At the point when one segment of an Act removes what another gives, a non-obstante condition must be utilized[15]. Without a non-obstante condition in such a case, a head on conflict will happen. It is the obligation of the court to dodge such circumstances and at whatever point it is conceivable to do as such, the clashing arrangements ought to be interpreted in such a way in this way, which they blend. The Court must attempt to discover the degree to which the council had planned to give one arrangement a superseding impact over another arrangement. In some English cases[16], it has been proposed that if two opposing areas of an Act can’t be accommodated, at that point the last segment must win, yet this is certainly not a broadly acknowledged guideline of the standard of amicable development.
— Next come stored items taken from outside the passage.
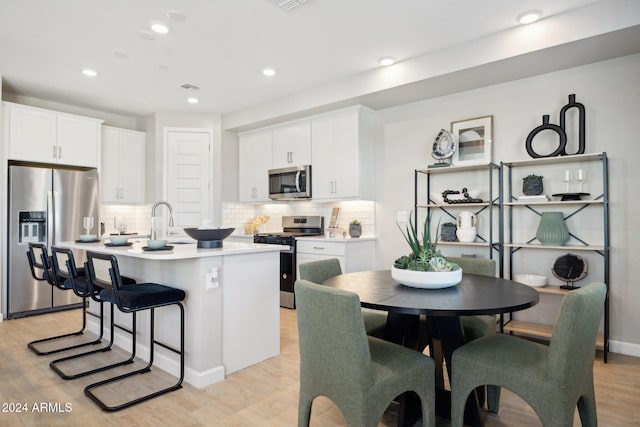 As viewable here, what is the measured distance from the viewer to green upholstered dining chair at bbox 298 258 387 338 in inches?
91.9

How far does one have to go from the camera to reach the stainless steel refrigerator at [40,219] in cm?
424

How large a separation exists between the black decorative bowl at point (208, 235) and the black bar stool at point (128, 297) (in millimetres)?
401

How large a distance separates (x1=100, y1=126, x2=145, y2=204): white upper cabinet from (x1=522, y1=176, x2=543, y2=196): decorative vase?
5.03 metres

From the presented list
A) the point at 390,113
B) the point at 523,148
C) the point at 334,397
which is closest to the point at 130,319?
the point at 334,397

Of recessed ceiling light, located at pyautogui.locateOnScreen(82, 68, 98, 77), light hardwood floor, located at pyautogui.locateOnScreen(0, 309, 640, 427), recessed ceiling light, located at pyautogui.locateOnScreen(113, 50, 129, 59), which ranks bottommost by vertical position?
light hardwood floor, located at pyautogui.locateOnScreen(0, 309, 640, 427)

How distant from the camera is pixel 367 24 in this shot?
Answer: 3.09 metres

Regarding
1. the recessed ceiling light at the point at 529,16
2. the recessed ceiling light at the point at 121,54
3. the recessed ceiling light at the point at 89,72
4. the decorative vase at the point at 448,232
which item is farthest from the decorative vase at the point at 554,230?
the recessed ceiling light at the point at 89,72

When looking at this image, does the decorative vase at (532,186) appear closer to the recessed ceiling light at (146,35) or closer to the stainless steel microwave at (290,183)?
the stainless steel microwave at (290,183)

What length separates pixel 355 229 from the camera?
15.3 feet

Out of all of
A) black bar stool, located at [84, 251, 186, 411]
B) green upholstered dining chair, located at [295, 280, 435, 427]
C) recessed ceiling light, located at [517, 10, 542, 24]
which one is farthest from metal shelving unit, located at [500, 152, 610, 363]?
black bar stool, located at [84, 251, 186, 411]

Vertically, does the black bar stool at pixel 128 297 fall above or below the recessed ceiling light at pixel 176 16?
below

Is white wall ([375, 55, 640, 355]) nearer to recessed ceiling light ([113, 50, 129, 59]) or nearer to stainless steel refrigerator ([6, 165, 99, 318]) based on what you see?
recessed ceiling light ([113, 50, 129, 59])

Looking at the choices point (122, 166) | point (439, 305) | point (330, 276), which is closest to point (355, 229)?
point (330, 276)

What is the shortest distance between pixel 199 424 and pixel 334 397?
2.98 ft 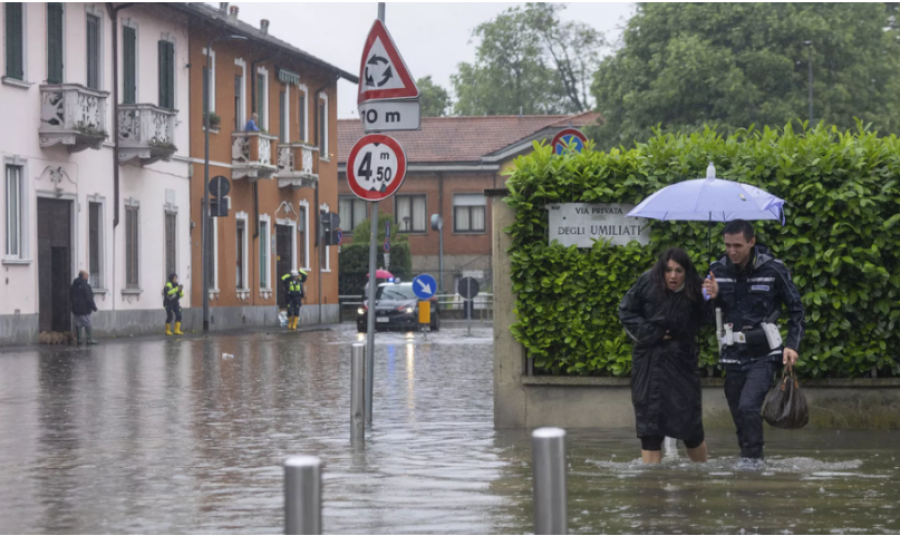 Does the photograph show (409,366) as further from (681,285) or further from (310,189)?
(310,189)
Resolutions are drafted by the governing body and there is each chance of circumstances of vagueness, clashes, oddities, absurdities, hardships, repugnancy, repetition and so forth. In such circumstances, the rules of understanding of resolutions become possibly the most important factor and the arrangements are understood in order to give most extreme impact to them and to render equity to the current circumstance. The guideline of agreeable development assumes a significant job in deciphering resolutions and is utilized in wealth of cases. It helps in improving convoluted issues and makes conveying decisions a lot simpler. In this way, similar to the numerous guidelines of translation of resolutions, the significance of the rule of agreeable development is additionally comprehended and felt by the legal executive. It was appropriately said by George Washington, ‘The organization of equity is the firmest mainstay of the administration.’ Thus, with regards to this idea, the legal executive ought to decipher the rules appropriately and brilliantly apply the standards for translation of sculptures to render fast equity to the residents of the nation.

[1] CIT v Hindustan Bulk Carriers, (2003) 3 SCC 57, P 74.

[2]  Sultana Begum v. Premchand Jain, AIR 1997 SC 1006, pp. 1009, 1010.

[3] CIT v. Hindustan Bulk Carriers, (2003) 3 SCC 57, p. 74.

[4] AIR 1958 SC 255.

[5] AIR 1959 SC 395, p. 410.

[6] AIR 1965 SC 745, p. 761 (para 36).

[7] State of U.P. v. Raj Narain, AIR 1975 SC 865; S.P. Gupta v. President of India, AIR 1982 SC 149

[8] Peoples Union for Civil Liberties v. U.O.I, AIR 2004 SC 1442.

[9] AIR 1964 SC 160.

[10] Kavanaugh v. Flash, 74 Fed. (2435).

[11] Jones v. Steele, 210 K.Y. 205, 275 S.W. 790.

[12] Hurford v. Omaha, 4 Neb. 336; Crawford’s Statutory Construction, Section 261, p. 515.

[13] 1958 AIR 1018.

[14] AIR 1997 SC 2013, p. 2019.

[15] A.G. Varadarajulu v. State of Tamil Nadu, AIR 1998 SC 1388.

[16] Castrige v. Page, (1853) 138 ER 1278; Eastbourne Corporation v. Fortes Ltd., (1959) 2 All ER 102 CA; King v. Dominion Engineering Co. Ltd., AIR 1947 PV 94.

Author: Shantanu Kaushik

Editor: Kanishka VaishSenior Editor, LexLife India.